▸ Problem to solve: For this exercise, copy each line of the records that contains the word "Used".

*** Opening Exercise inputs ***

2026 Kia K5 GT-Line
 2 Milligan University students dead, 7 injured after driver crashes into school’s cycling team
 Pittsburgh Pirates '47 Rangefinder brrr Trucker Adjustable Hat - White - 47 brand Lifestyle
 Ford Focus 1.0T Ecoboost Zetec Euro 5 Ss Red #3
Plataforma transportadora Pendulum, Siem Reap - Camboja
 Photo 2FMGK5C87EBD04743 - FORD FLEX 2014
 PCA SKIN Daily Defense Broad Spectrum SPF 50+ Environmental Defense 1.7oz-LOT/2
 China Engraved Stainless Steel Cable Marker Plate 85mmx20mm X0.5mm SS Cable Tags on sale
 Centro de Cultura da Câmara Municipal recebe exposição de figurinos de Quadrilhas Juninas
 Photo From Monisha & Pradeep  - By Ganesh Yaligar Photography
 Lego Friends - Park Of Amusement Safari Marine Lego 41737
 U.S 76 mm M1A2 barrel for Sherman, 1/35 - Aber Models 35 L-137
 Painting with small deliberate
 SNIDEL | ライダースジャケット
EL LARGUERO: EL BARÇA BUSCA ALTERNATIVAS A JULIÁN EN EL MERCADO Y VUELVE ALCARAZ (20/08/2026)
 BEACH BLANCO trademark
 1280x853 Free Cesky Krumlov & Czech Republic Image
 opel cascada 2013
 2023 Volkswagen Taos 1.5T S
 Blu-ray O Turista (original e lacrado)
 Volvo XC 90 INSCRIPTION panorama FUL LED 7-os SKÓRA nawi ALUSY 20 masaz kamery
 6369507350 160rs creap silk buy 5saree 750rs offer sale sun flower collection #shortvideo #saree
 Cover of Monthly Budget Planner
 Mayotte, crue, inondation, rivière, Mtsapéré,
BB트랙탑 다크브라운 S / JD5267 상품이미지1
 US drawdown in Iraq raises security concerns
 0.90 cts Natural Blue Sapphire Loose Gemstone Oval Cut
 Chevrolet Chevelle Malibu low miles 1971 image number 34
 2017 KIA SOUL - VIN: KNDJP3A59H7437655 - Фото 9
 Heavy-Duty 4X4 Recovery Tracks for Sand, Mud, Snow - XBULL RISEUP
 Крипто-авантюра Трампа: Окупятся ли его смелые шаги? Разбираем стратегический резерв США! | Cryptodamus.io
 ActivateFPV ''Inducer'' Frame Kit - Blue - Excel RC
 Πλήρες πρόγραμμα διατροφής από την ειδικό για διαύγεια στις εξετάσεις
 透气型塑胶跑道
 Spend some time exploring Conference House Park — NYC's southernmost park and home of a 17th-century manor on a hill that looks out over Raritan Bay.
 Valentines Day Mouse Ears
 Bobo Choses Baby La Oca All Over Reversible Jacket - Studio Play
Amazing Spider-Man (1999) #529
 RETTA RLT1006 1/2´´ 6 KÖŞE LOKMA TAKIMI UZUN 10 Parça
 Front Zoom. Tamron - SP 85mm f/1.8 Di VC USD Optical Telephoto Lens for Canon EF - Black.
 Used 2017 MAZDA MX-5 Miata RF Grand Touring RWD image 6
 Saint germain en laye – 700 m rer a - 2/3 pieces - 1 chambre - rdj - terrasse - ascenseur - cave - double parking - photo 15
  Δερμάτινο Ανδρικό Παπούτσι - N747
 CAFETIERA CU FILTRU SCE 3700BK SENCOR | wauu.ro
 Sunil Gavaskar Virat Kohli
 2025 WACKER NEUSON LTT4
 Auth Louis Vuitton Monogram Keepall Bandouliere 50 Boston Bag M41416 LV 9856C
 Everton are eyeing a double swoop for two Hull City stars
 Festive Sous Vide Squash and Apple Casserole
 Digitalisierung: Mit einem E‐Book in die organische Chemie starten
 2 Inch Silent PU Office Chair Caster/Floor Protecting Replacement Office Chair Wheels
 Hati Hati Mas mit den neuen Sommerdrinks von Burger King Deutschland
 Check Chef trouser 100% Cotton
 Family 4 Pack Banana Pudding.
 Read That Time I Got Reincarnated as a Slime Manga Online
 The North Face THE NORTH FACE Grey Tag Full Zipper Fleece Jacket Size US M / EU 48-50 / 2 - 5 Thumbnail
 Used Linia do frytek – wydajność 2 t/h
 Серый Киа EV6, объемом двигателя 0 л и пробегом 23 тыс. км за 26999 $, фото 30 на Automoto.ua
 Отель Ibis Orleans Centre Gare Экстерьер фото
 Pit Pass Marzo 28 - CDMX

*** Closing Exercise inputs ***

▸ The completed task:
 Used 2017 MAZDA MX-5 Miata RF Grand Touring RWD image 6
 Used Linia do frytek – wydajność 2 t/h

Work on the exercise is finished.